MATERIAL SUPPLIED:
>>
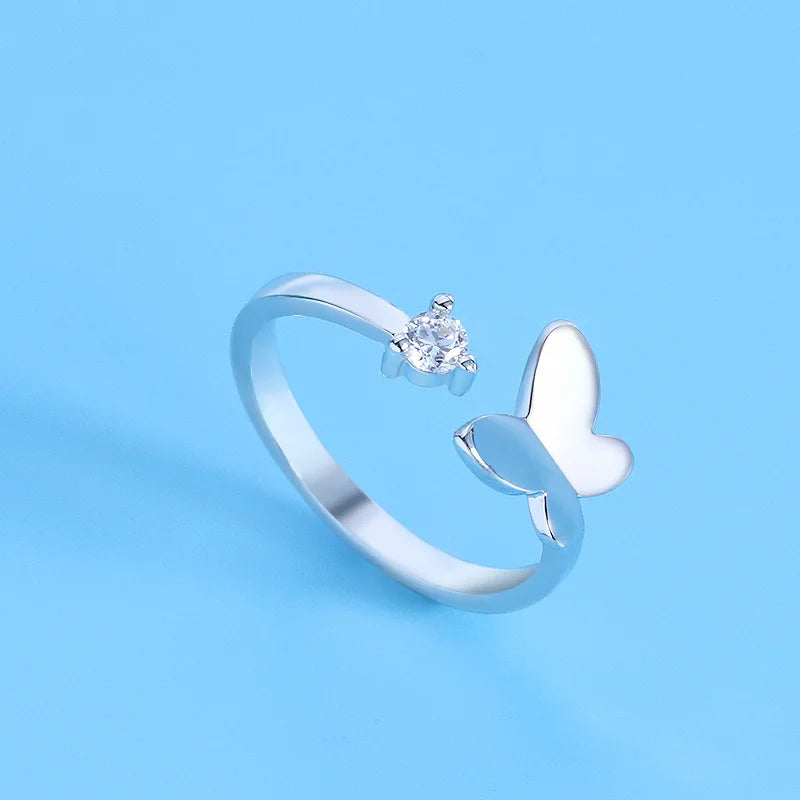 925 Sterling Silver Adjustable Ring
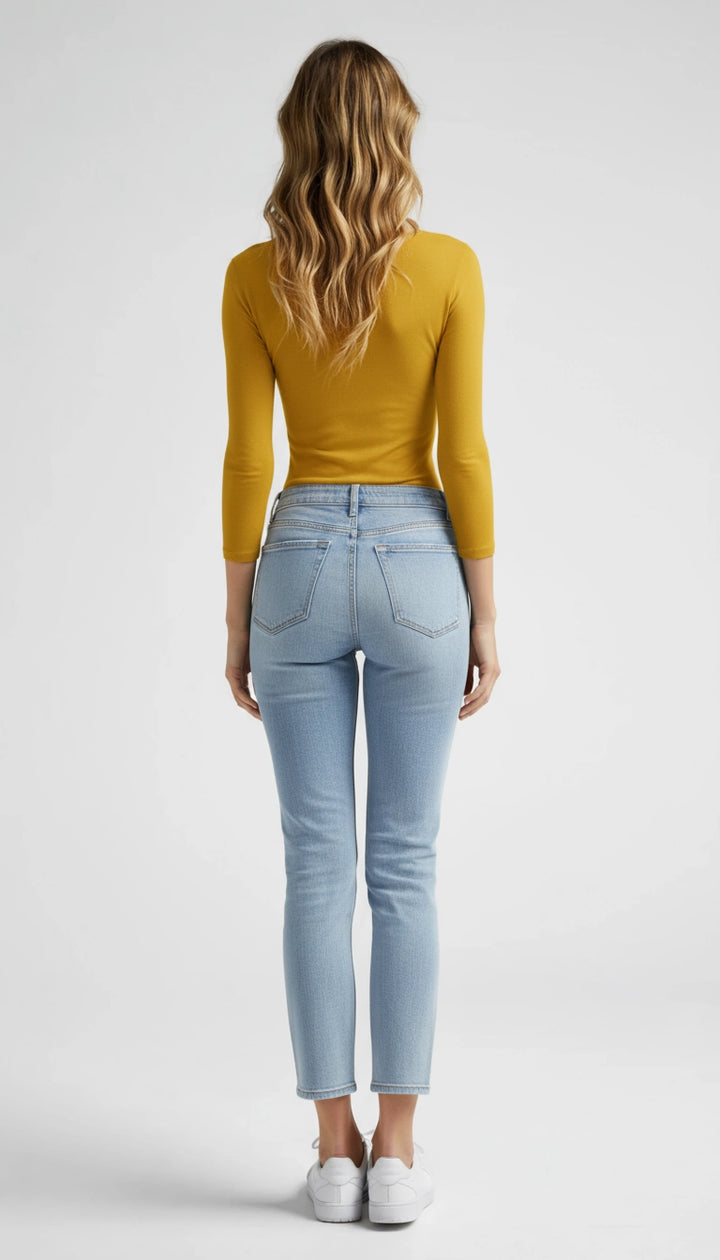 Dalina - Longsleeve Trui met V-hals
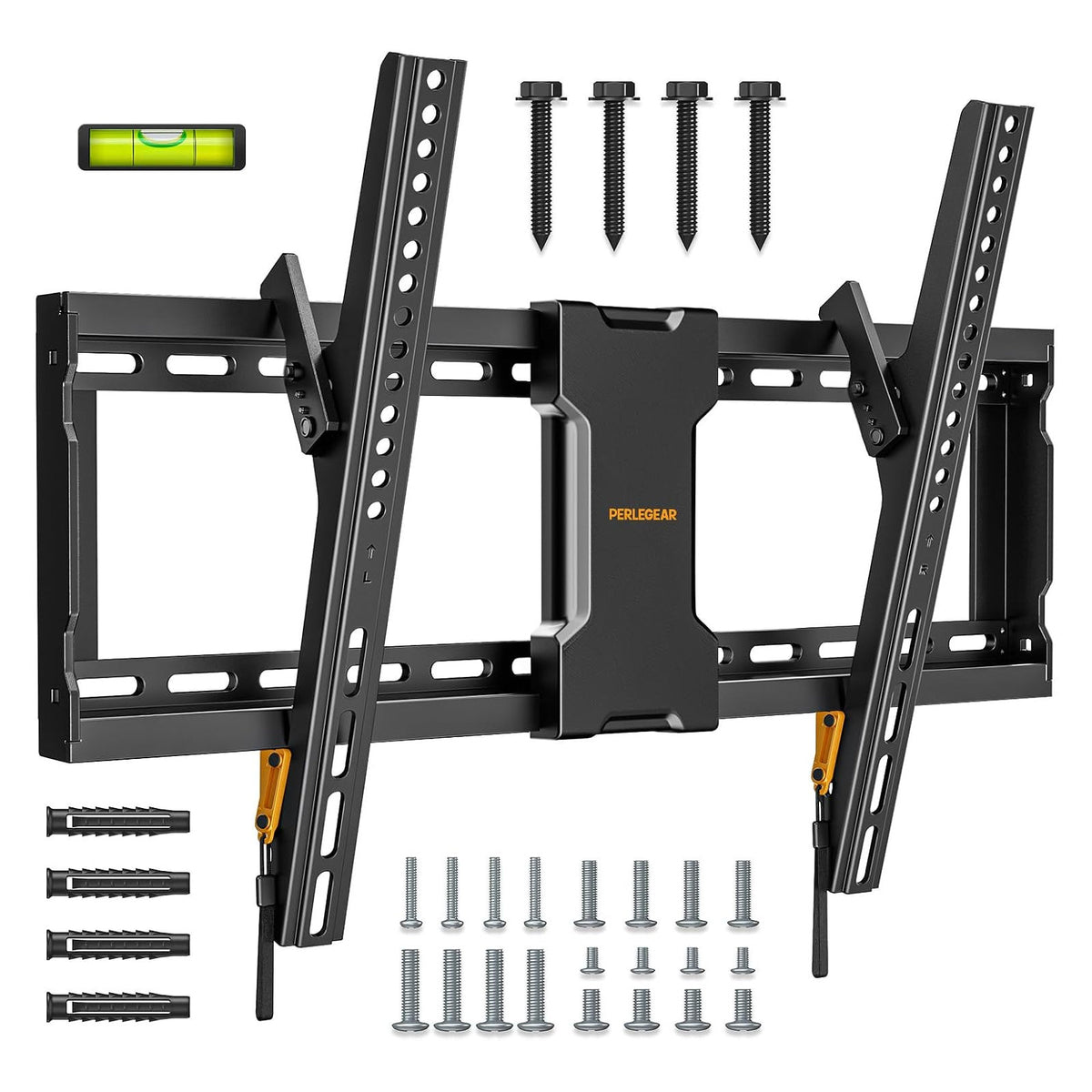 Perlegear Tilting TV Wall Mount Bracket - Fits 37-82 Inch LCD LED Flat Screen TVs Up to 60kg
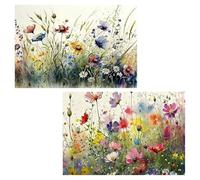 Diamant Peinture Fleurs Sauvages 2 Combo Adulte Diamant Peinture DIY Peinture Diamant Broderie Peinture Décoration Murale Kit Complet 30x40 cm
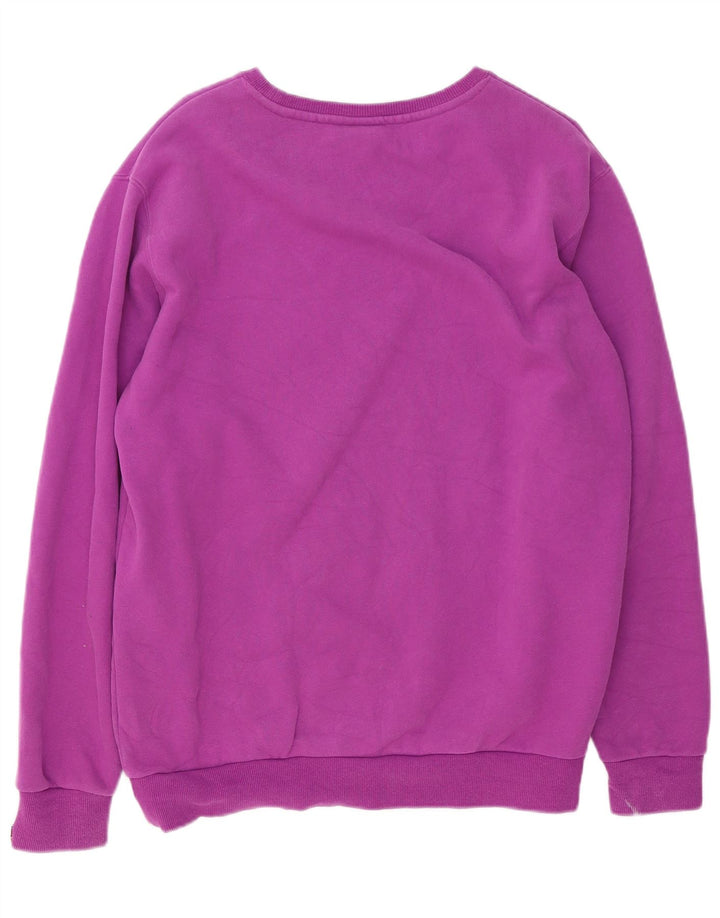 Sweter męski Ellesse, średniofioletowy, bawełniany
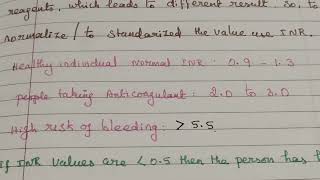 Prothrombin Time International Normalise RatioPT INR test [upl. by Oag369]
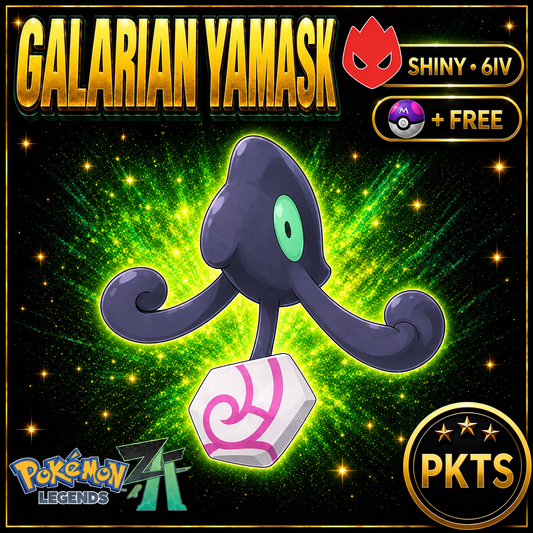 Shiny Alpha Galarian Yamask Pokémon Legends ZA 6IV Competitive Battle Ready - Image 1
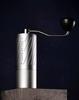 49mm Titanium-Plated Dual Blade Hand-Crank Coffee Grinder for Outdoor Use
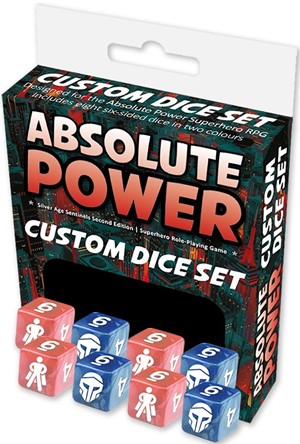 2!JPG836 Absolute Power RPG: Dice Set published by Dyskami Publishing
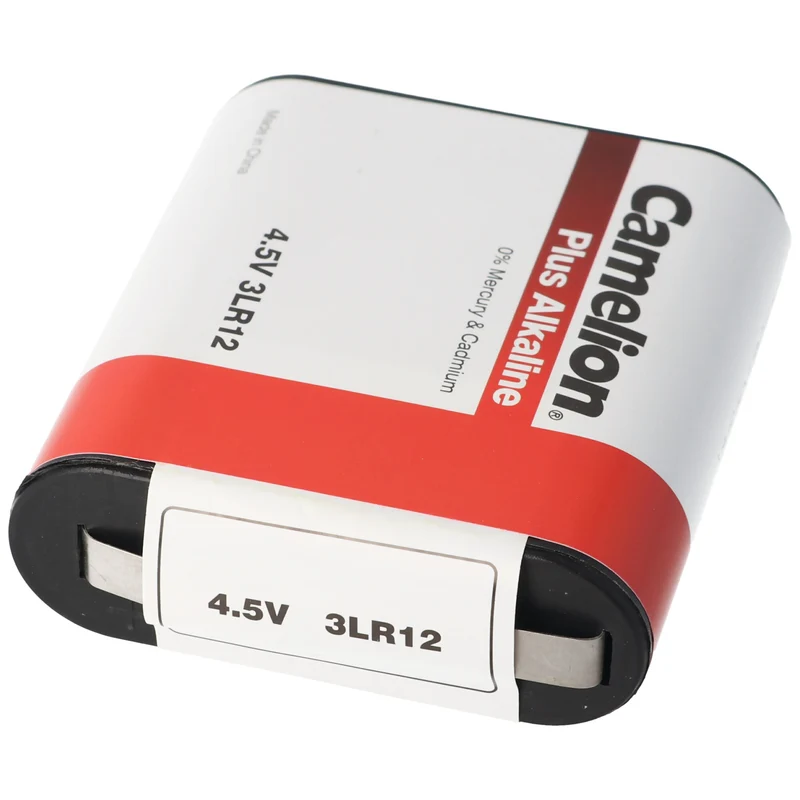 Camelion 3LR12 4.5 Volt Flachbatterie maximal 3000mAh, Abmessungen ca. 65,0 x 61,5 x 21,5mm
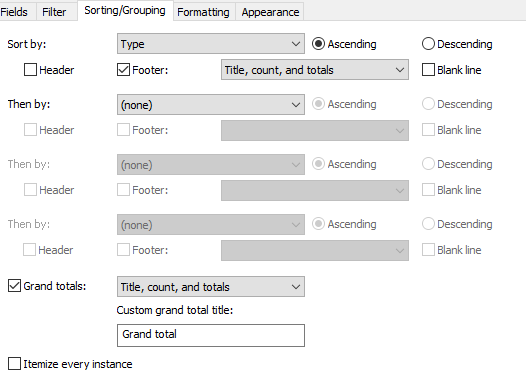 Schedule total count for the "sorted groups" - Autodesk Community
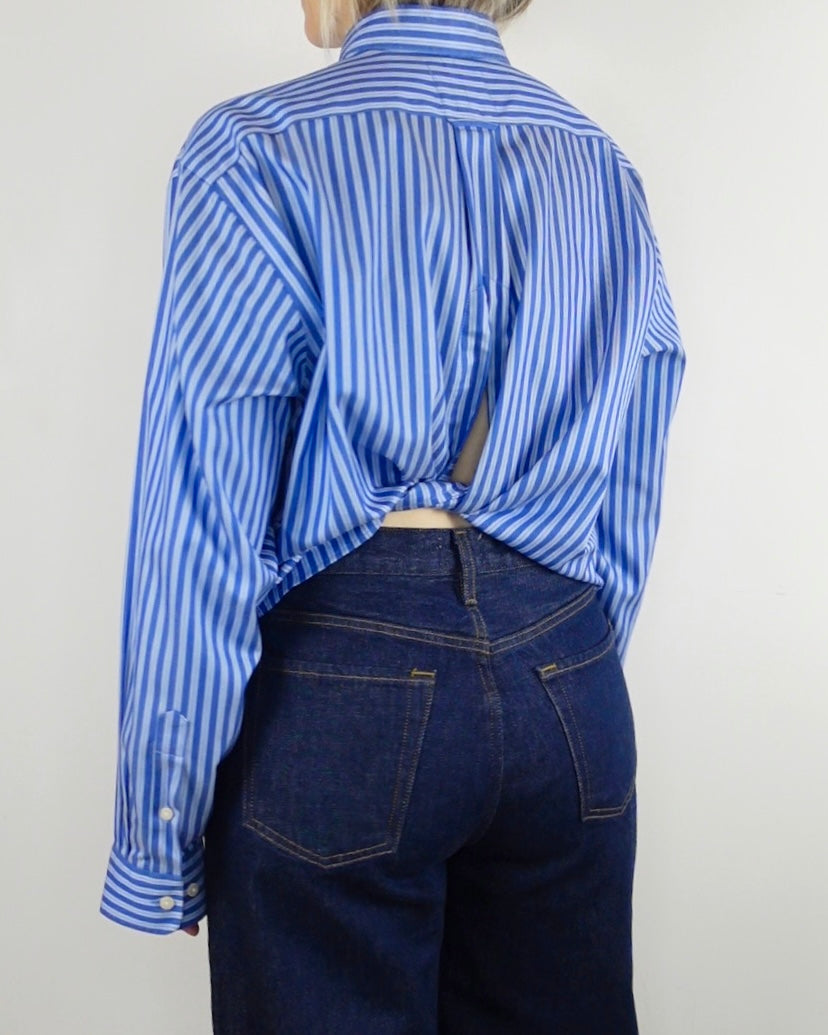 The Weekday - Blue on Blue Stripe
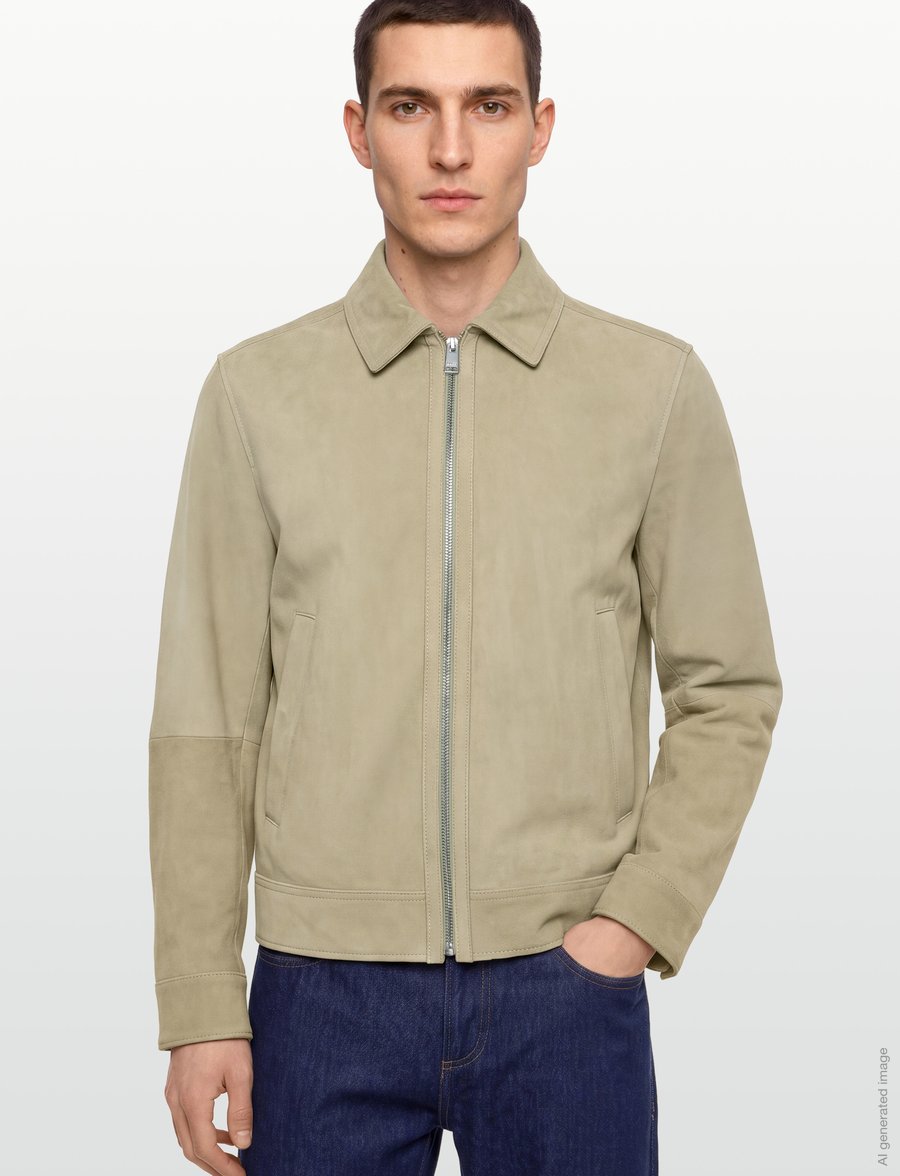 BOSS - H-Malbano7 - leather jackets - dark beige - 3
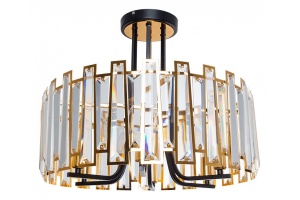 Потолочная люстра Arte Lamp Amber A1028PL-6BK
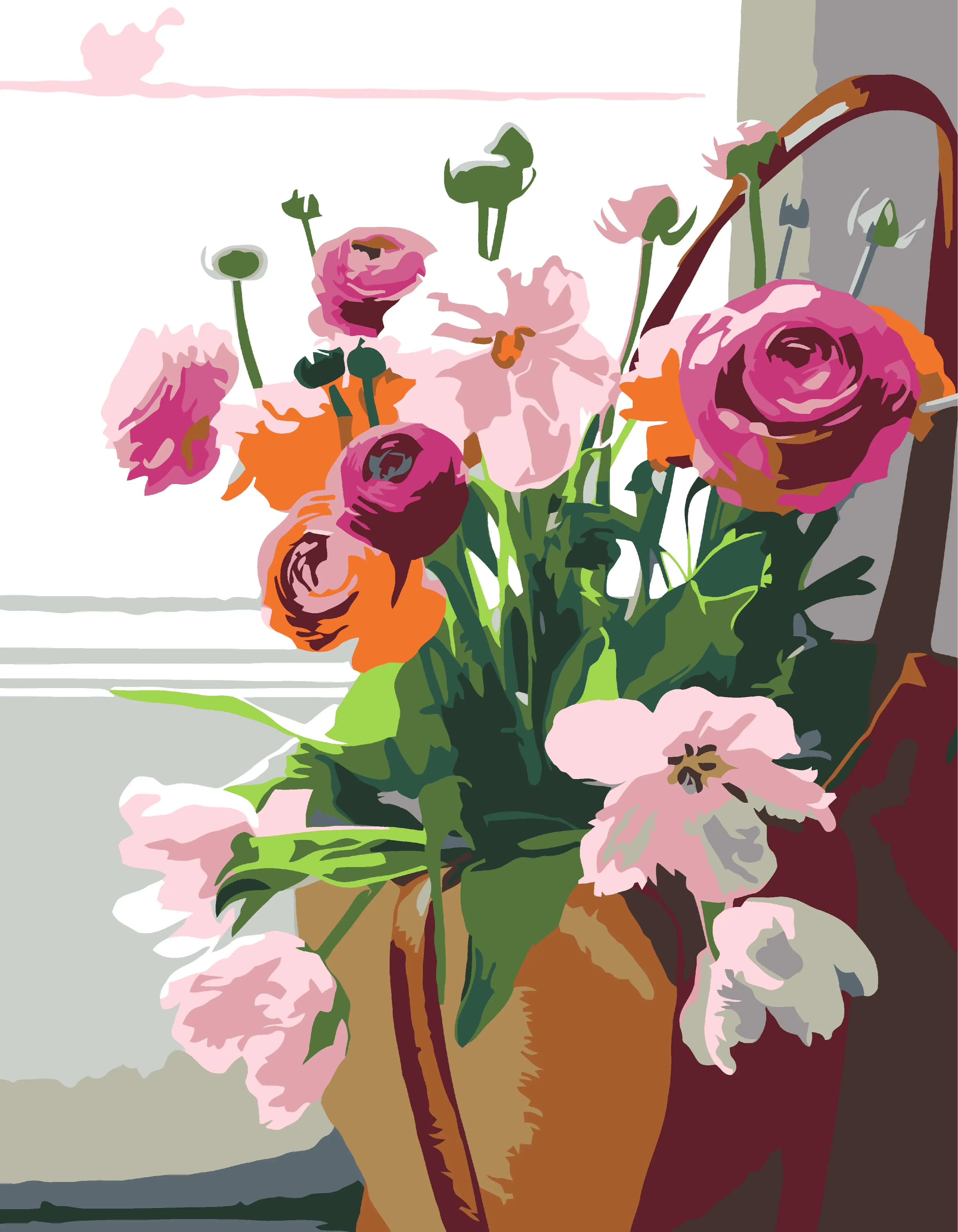 Flowers Artwille Paint By Numbers
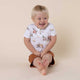 Diggers & Tractors Short Sleeve Organic Bodysuit - Thumbnail 5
<<
WORK ORDER: Copy the entries above exactly from the line with "Flowers Artwille Paint By Numbers" down to their last line, both ends included. Do not copy any pictures.

WRITTEN ANSWER:
 Flowers Artwille Paint By Numbers
 Diggers & Tractors Short Sleeve Organic Bodysuit - Thumbnail 5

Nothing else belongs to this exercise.